*What needs to be done*.
From first line to last, the records below are to be duplicated exactly.

*Material provided*.

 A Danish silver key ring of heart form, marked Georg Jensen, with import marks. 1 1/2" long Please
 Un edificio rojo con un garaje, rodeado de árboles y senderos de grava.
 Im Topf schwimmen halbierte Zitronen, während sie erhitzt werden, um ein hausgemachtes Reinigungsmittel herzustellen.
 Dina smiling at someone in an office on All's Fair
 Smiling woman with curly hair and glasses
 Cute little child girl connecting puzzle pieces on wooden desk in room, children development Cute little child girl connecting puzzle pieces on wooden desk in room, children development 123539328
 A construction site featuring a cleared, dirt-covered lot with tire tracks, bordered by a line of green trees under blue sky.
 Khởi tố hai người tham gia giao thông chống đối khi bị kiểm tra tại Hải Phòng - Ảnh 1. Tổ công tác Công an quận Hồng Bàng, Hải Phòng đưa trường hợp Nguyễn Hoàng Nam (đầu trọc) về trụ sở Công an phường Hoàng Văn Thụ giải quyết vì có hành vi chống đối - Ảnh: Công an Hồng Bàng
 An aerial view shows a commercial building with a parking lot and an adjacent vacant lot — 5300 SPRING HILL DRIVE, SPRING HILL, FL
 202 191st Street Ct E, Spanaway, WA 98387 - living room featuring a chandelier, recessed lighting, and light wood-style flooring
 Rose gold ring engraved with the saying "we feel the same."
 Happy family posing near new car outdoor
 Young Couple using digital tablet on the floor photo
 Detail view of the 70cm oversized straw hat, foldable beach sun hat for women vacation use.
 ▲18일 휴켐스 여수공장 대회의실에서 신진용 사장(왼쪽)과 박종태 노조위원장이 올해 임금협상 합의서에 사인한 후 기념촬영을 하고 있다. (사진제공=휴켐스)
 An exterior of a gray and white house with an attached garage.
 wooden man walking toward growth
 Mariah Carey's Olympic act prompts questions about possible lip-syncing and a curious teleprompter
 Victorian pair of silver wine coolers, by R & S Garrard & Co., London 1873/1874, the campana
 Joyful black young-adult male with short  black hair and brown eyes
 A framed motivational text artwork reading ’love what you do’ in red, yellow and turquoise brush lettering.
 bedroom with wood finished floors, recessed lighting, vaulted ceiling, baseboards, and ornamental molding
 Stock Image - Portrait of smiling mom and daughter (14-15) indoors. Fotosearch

*Exercise solution*.
 A Danish silver key ring of heart form, marked Georg Jensen, with import marks. 1 1/2" long Please
 Un edificio rojo con un garaje, rodeado de árboles y senderos de grava.
 Im Topf schwimmen halbierte Zitronen, während sie erhitzt werden, um ein hausgemachtes Reinigungsmittel herzustellen.
 Dina smiling at someone in an office on All's Fair
 Smiling woman with curly hair and glasses
 Cute little child girl connecting puzzle pieces on wooden desk in room, children development Cute little child girl connecting puzzle pieces on wooden desk in room, children development 123539328
 A construction site featuring a cleared, dirt-covered lot with tire tracks, bordered by a line of green trees under blue sky.
 Khởi tố hai người tham gia giao thông chống đối khi bị kiểm tra tại Hải Phòng - Ảnh 1. Tổ công tác Công an quận Hồng Bàng, Hải Phòng đưa trường hợp Nguyễn Hoàng Nam (đầu trọc) về trụ sở Công an phường Hoàng Văn Thụ giải quyết vì có hành vi chống đối - Ảnh: Công an Hồng Bàng
 An aerial view shows a commercial building with a parking lot and an adjacent vacant lot — 5300 SPRING HILL DRIVE, SPRING HILL, FL
 202 191st Street Ct E, Spanaway, WA 98387 - living room featuring a chandelier, recessed lighting, and light wood-style flooring
 Rose gold ring engraved with the saying "we feel the same."
 Happy family posing near new car outdoor
 Young Couple using digital tablet on the floor photo
 Detail view of the 70cm oversized straw hat, foldable beach sun hat for women vacation use.
 ▲18일 휴켐스 여수공장 대회의실에서 신진용 사장(왼쪽)과 박종태 노조위원장이 올해 임금협상 합의서에 사인한 후 기념촬영을 하고 있다. (사진제공=휴켐스)
 An exterior of a gray and white house with an attached garage.
 wooden man walking toward growth
 Mariah Carey's Olympic act prompts questions about possible lip-syncing and a curious teleprompter
 Victorian pair of silver wine coolers, by R & S Garrard & Co., London 1873/1874, the campana
 Joyful black young-adult male with short  black hair and brown eyes
 A framed motivational text artwork reading ’love what you do’ in red, yellow and turquoise brush lettering.
 bedroom with wood finished floors, recessed lighting, vaulted ceiling, baseboards, and ornamental molding
 Stock Image - Portrait of smiling mom and daughter (14-15) indoors. Fotosearch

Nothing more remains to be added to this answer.